**SUPPLIED RECORDS:**
* * *

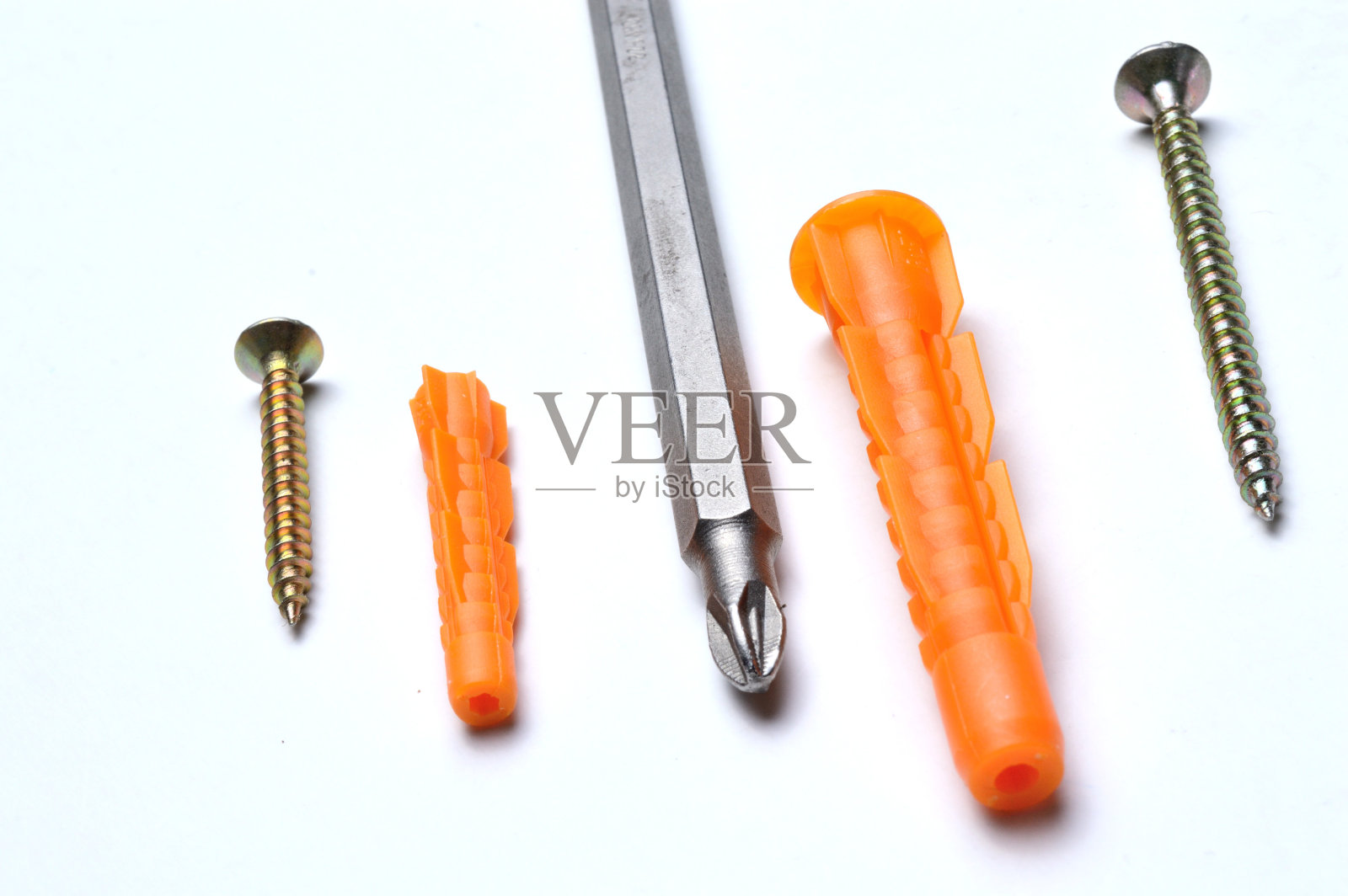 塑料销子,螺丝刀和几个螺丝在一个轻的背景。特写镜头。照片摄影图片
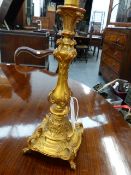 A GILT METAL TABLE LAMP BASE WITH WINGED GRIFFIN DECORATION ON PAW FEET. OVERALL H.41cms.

* * *

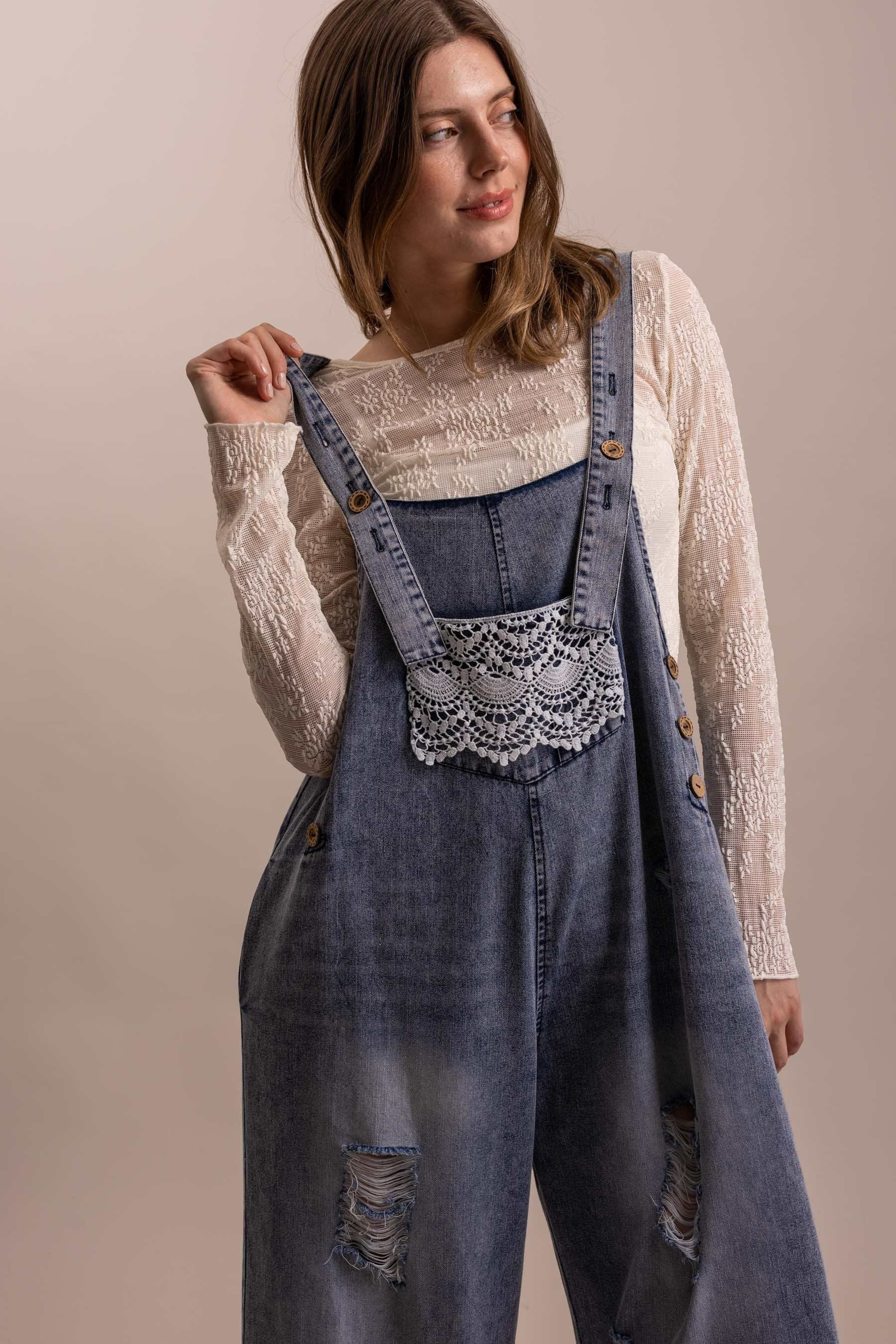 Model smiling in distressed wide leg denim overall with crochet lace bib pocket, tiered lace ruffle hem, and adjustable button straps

* * *

An exact copy of the lines above from the one with "塑料销子,螺丝刀和几个螺丝在一个轻的背景。特写镜头。照片摄影图片" up to and including the one with "A GILT METAL" is required; reproduce only those lines, omitting all pictures.

**FINISHED EXERCISE:**
 塑料销子,螺丝刀和几个螺丝在一个轻的背景。特写镜头。照片摄影图片
 A GILT METAL TABLE LAMP BASE WITH WINGED GRIFFIN DECORATION ON PAW FEET. OVERALL H.41cms.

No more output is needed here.